#### Task instructions
Looking at the records below, state how many lines include the string "with" and add nothing further.

[[ Listed entries, beginning ]]

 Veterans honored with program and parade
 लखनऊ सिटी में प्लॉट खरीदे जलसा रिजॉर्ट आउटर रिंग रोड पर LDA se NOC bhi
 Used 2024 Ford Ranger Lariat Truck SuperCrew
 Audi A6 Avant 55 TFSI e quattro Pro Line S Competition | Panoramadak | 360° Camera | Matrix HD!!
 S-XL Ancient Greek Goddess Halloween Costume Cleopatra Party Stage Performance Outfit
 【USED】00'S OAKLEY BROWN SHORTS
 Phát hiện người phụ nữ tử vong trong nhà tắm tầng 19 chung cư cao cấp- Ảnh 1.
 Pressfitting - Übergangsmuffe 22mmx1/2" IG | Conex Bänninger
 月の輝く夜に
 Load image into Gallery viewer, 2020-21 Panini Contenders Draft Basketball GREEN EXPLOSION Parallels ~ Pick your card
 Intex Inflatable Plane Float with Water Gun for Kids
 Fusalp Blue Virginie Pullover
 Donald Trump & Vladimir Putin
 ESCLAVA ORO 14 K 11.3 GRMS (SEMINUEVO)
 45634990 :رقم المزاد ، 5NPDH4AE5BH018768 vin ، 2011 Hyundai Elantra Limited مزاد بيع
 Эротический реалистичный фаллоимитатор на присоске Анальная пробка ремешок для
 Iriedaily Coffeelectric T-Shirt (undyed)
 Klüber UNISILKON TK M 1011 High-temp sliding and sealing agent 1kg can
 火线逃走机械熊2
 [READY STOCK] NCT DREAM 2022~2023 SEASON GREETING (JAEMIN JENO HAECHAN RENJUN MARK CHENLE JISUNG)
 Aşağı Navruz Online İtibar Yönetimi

[[ Listed entries, end ]]

#### Answer section
2